Problem to solve> Your answer must be the exact lines from the one with "Ak Passagierschiff Garonna" to the end of the data, both included, with no pictures.

Recorded information>

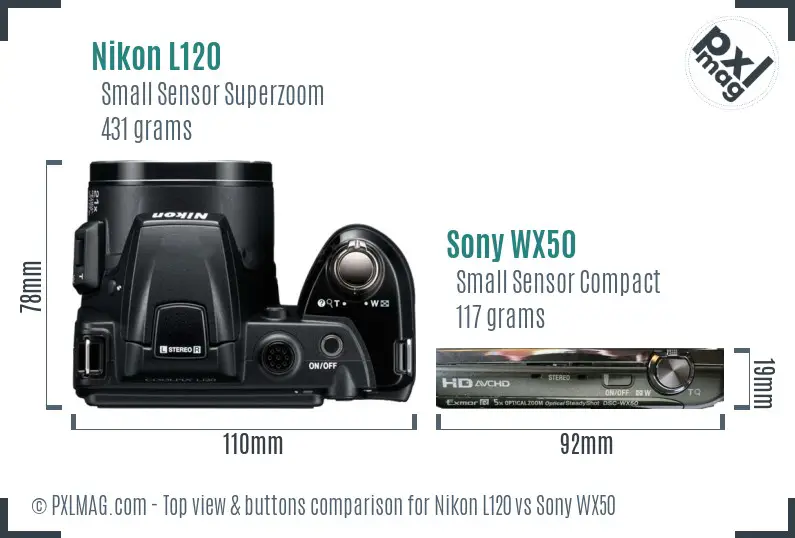 Nikon L120 vs Sony WX50 top view buttons comparison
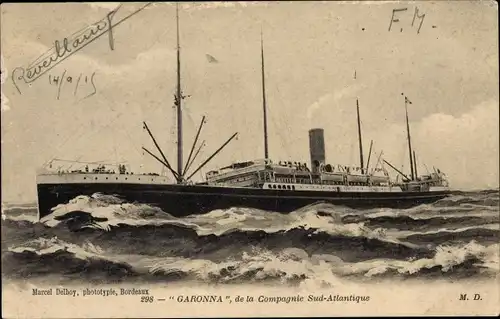 Ak Passagierschiff Garonna auf hoher See, Compagnie de Navigation Sud Atlantique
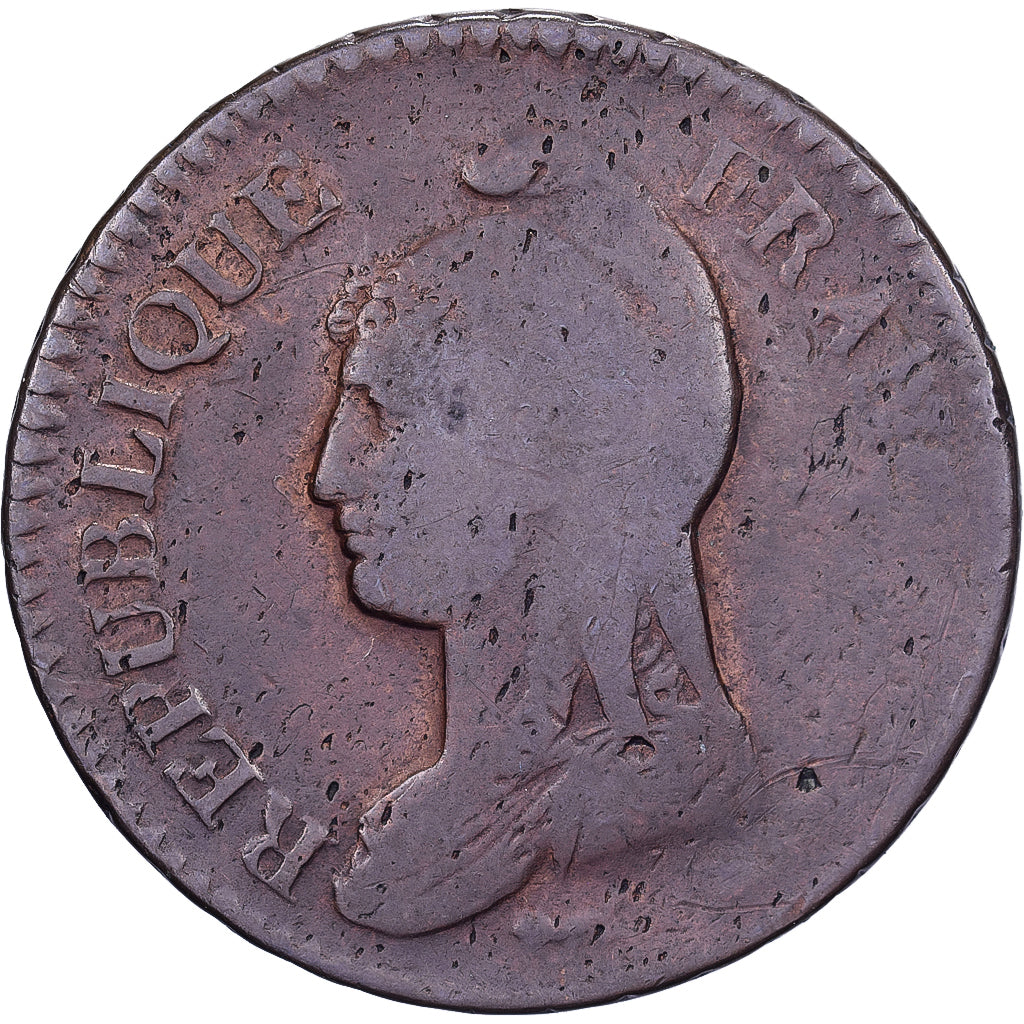 Frankreich, 1 Décime, Dupré, AN 8, Limoges, Bronze, S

Exercise response>
 Ak Passagierschiff Garonna auf hoher See, Compagnie de Navigation Sud Atlantique
 Frankreich, 1 Décime, Dupré, AN 8, Limoges, Bronze, S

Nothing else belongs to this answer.